Long-acting bronchodilators (LABA) have been shown to reduce exacerbations. In the recently reported TORCH (Towards a Revolution in COPD Health) study, salmeterol, a long-acting beta agonist, reduced the frequency of exacerbations [66], while a number of other studies have shown that the long-acting anticholinergic tiotropium reduces the exacerbation rate and also a trend to reduction in hospital admission 67., 68., 69.. However, there is no good evidence at present that long-acting anticholinergic agents possess anti-inflammatory activity [70], and it is likely that tiotropium reduces exacerbations by reducing dynamic hyperinflation and thus dyspnoea.
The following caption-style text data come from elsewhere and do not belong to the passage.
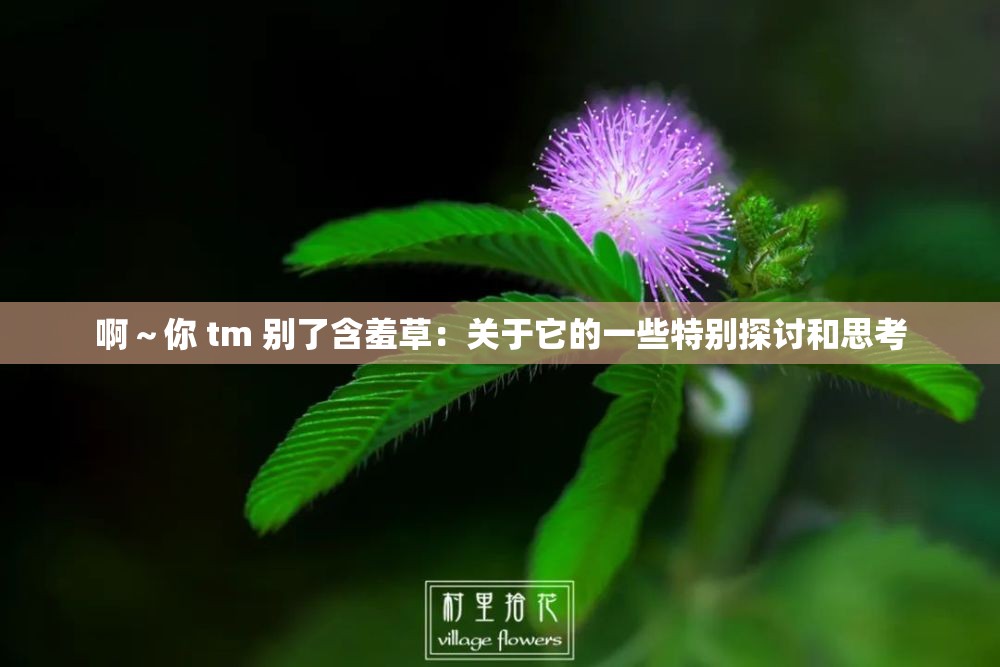 啊～你 tm 别了含羞草：关于它的一些特别探讨和思考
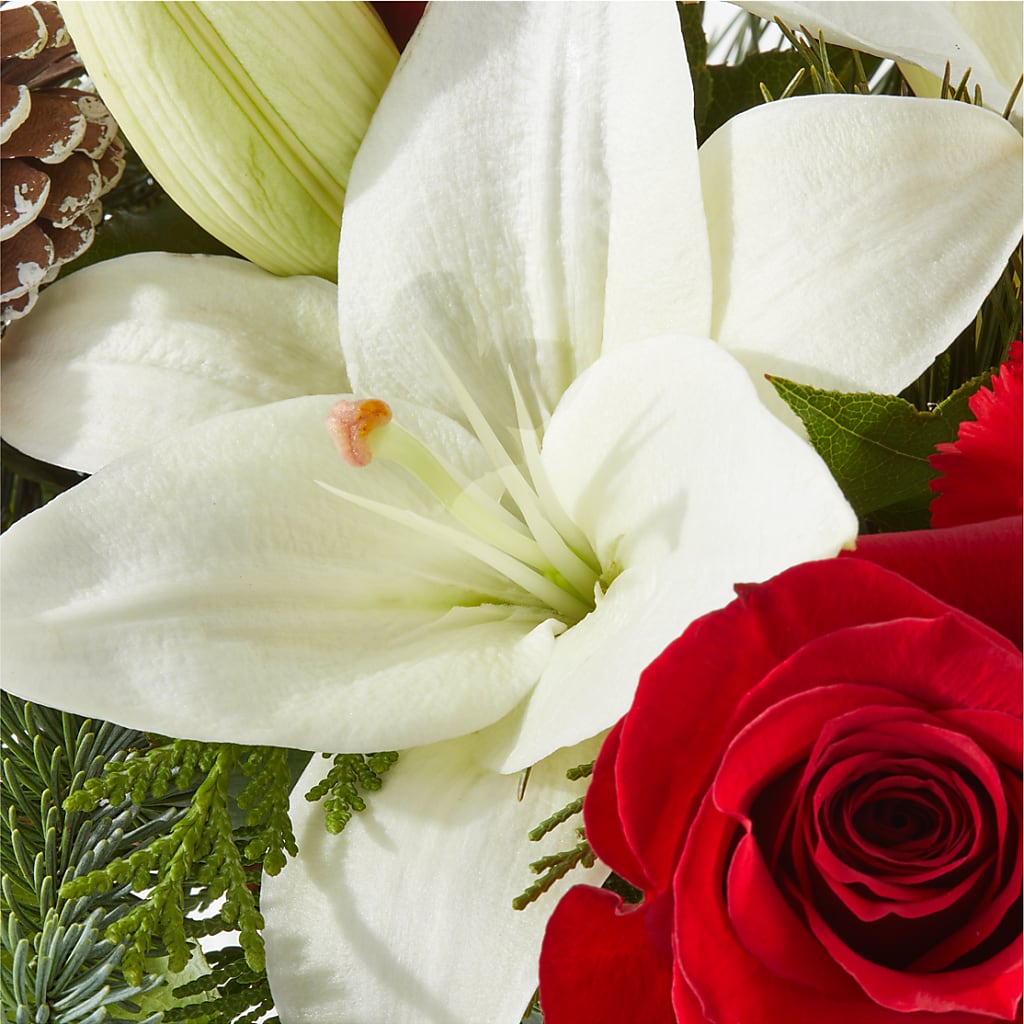 Oh So Jolly Bouquet –  Green Room Flowers Llc, Tucson AZ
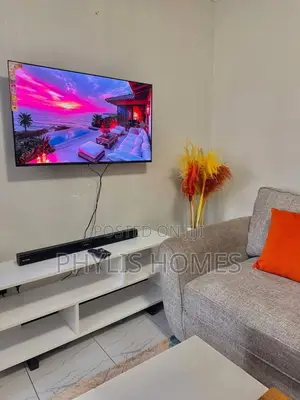 Well Furnished One Bedroom in South B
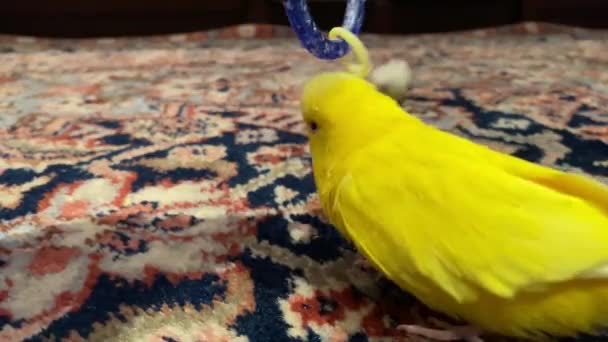 Pequeno Budgie Amarelo Divertindo Com Seu Brinquedo Sobre Tapete Dentro — Vídeo de Stock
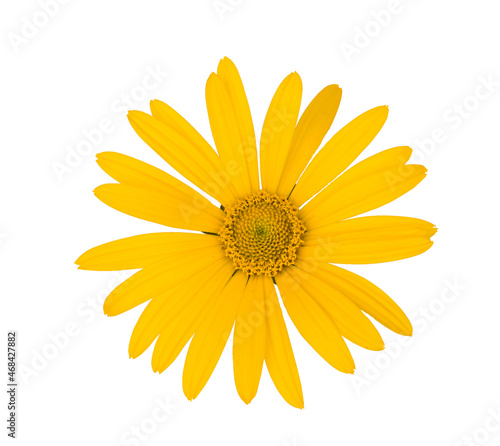 Heliopsis flower isolated on white background, clipping path, top-down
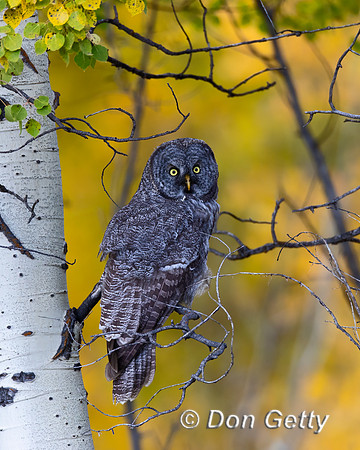Great Gray Owl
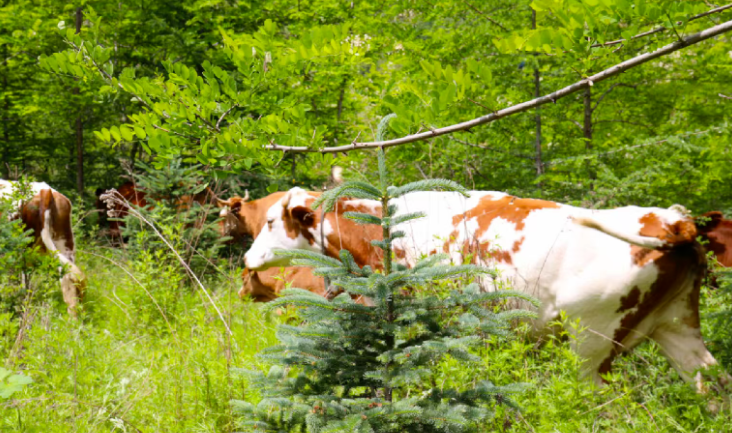 中國對進(jìn)口牛肉實(shí)施三年保障措施，將會(huì)影響哪些行業(yè)？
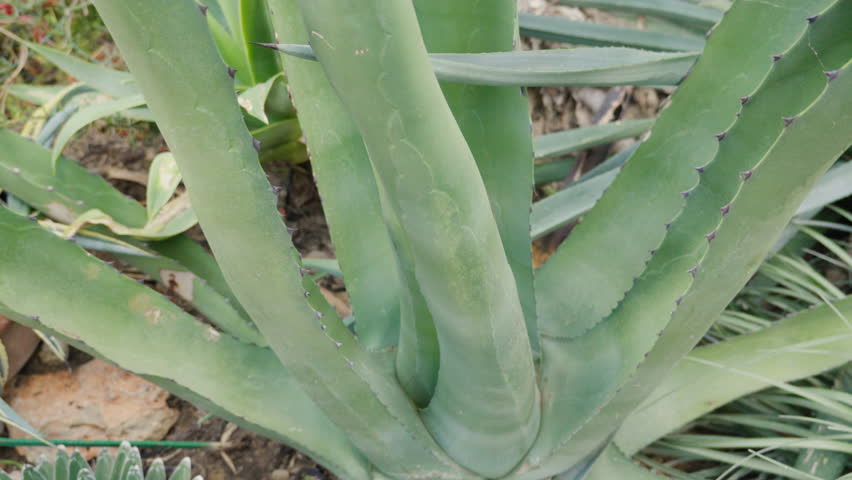 Close up of green aloe vera plant in natural setting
Combinations of long-acting beta agonists and inhaled corticosteroids have been also evaluated and reduced exacerbations more than the individual components [66]. A direct comparison of inhaled tiotropium with the salmeterol/fluticasone (SFC) combination in the recently reported INSPIRE studyin moderate-to-severe COPD patients showed that both interventions had an equal effect on exacerbation rates [71]. However, patients taking tiotropium required more courses of oral corticosteroids with exacerbations whereas patients on the SFC combination required more courses of antibiotics [71]. This for the first time, it has been shown that different interventions have different effects on exacerbations.
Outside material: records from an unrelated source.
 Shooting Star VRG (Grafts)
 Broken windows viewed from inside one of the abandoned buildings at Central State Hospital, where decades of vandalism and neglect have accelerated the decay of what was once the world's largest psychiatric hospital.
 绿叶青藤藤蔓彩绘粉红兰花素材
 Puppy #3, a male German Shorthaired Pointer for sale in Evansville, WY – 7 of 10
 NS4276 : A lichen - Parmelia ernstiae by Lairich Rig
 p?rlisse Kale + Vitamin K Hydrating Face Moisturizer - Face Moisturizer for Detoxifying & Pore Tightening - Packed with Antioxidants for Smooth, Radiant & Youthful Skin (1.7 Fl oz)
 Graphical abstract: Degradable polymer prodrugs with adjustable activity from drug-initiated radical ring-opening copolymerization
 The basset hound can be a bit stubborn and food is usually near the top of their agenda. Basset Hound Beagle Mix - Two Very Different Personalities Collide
The Optimal study recently evaluated the combination of tiotropium with inhaled LABA (salmeterol) and inhaled steroids (flluticasone) [72]. The triple combination reduced hospitalization as a result of exacerbation, but not the total number of exacerbations. In addition a trend was observed in the reduction of the number of exacerbations with the triple combination, which did not reach statistical significance due to the relatively small size of the study and the high dropout rate. Triple therapy may be more effective than other therapies and further studies of these combinations are now required with adequately powered studies.